• Brian De Palma’s film is adapted from the much ballyhooed novel by Tom Wolfe (taking that marvelous name from Wolfe’s book of course). It tracks the contrasting trajectories of Wall Street moneyman Sherman McCoy (Tom Hanks) and newspaper writer Peter Fallow (Bruce Willis).
  • The film is famous (or infamous) for being remembered as one of the great turkeys of all-time—but well that may be true with the box office (or even some of the expectations when you combine the talent in the cast with the greatness of the Wolfe novel)- it is surely a work of cinema worthy of praise and study.
  • It is shot by director of photography Vilmos Zsigmond (McCabe & Mrs. Miller, The Long Goodbye, Blow Out, Heaven’s Gate) and he and De Palma (and Steadicam operator Larry McConkey- who also worked on Goodfellas) craft one of the most impressive oner long take shots this side of the Copacabana shot from the 1990s. In this shot, which starts the film, the limo pulls up and a drunk Peter Fallow arrives (Willis’ character). He rides a trolley, he walks through the kitchen (another comparison to the Copa), he even takes an elevator as he stumbles and paws over a young woman and some expensive salmon.

Any opening complex long take (this one is five minutes) that inspires awe like this must be compared to Touch of Evil. — please check out https://www.artofthetitle.com/title/the-bonfire-of-the-vanities/

There is complex choreography and camera talent on display as a slew of extras weave in and out and Fallow introduces himself via voiceover- “What does it profit a man?”…-powerful.

  • The film then flashes back one year prior to this display of drunken ego by Fallow- it starts with “master of the universe” Sherman McCoy whose life seems to be going along perfectly (or so it seems) until he takes a literal wrong turn.
  • Great WASP name for his daughter- “Campbell”- haha. It looks like this is the archiveable start for a young (eight years old in 1990) Kirsten Dunst in her true debut.
  • Dave Grusin does the score- a few years before his most famous work in The Firm (1993).
  • The cast is legendary: Willis is coming off Die Hard (1988), Melanie Griffith off of Working Girl (1988), Hanks from Big (1988) and Morgan Freeman with his breakout year just the year prior (both Driving Miss Daisy and Glory are 1989).

Masterful overhead shot (there is one painterly overhead at least in every De Palma film it seems) as McCoy is talking to London at the 14-minute mark.

  • A Jaws-like (though I am sure De Palma, a Hitchcock acolyte, would prefer Vertigo) dolly zoom on Hanks’ character as he panics when getting approached in the Bronx.
  • A strong low angle introduction of the Reverend Bacon (John Hancock) and choir at the 31-minute mark—the angle and effect—unsubtle, satirical.
  • There are hints of Lumet’s Network– a damning look at society—the whole system is a shamble, but all parties are guilty- there is no real barometer.
  • De Palma’s traits: a split screen of Geraldo at the 51-minute mark.
  • Low-angle blocking—De Palma infuses the film with cinematic creativity throughout

At the 59-minute mark- the staff of the district attorney—F. Murray Abraham (back with De Palma after Scarface in 1983)- and two cops- just an awesome composition of the five figures.

  • Andre Gregory plays Aubrey Buffing.

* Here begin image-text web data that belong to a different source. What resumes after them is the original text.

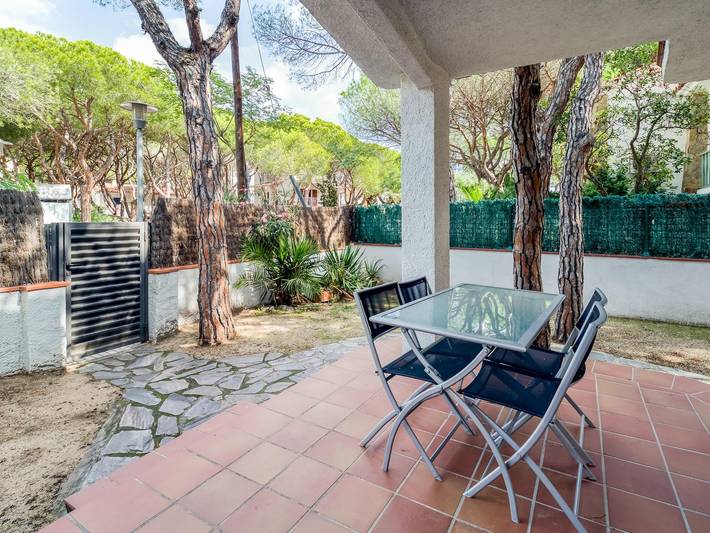 Ferienwohnung für 6 Personen, mit Balkon und Meerblick sowie Terrasse und Garten in Platja d'Aro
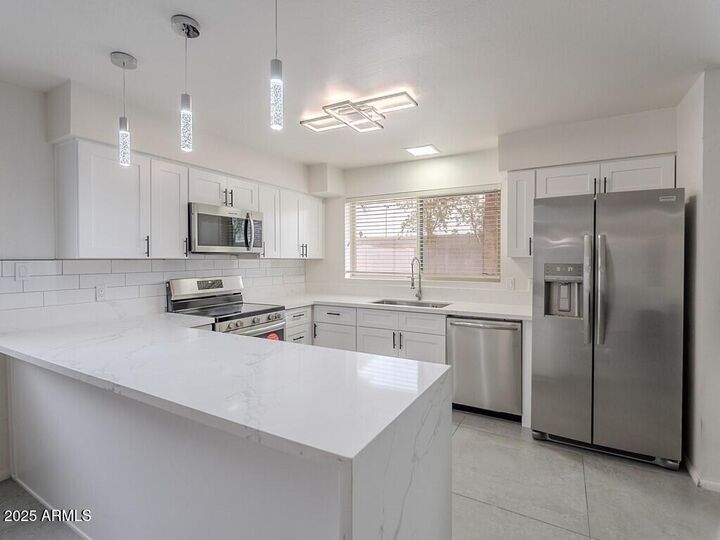 5817 S Siesta Lane  Tempe AZ 85283 photo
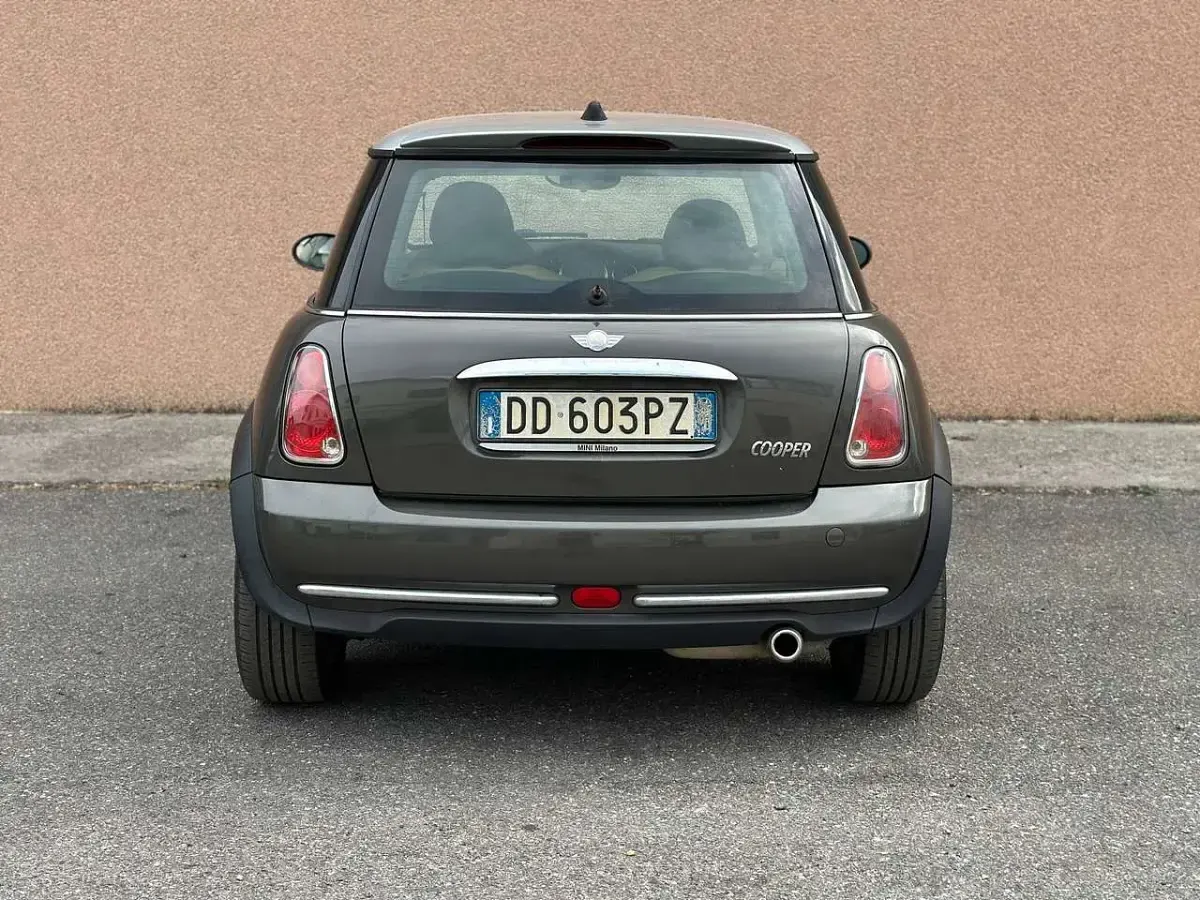 Usata Mini Cooper 116 CV (85 kW) 2006 Grigio Utilitaria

De Palma captures him a split diopter. He is foreground right with Melanie Griffith (playing Maria Ruskin) in the background left.
  • Tom Hanks is undeniably miscast. Sherman is not an easy character to play—but still- not an excuse. He just does not carry the weight required here and it hurts the film.
  • Critics may have come in with certain expectations- like subtlety- and subtlety is just not what De Palma does. He treats this as a carnival, absurdism—“sideshow” is in the text. McCoy is wielding a shotgun at people, big noises—a sort of Fear and Loathing gonzo circus sign of our times critique- the “vast and dark wasteland”. The scenes with Morgan Freeman (playing Judge White) are just some that could be cut. His sermon (which is the penultimate shot) needs to be scrapped for sure.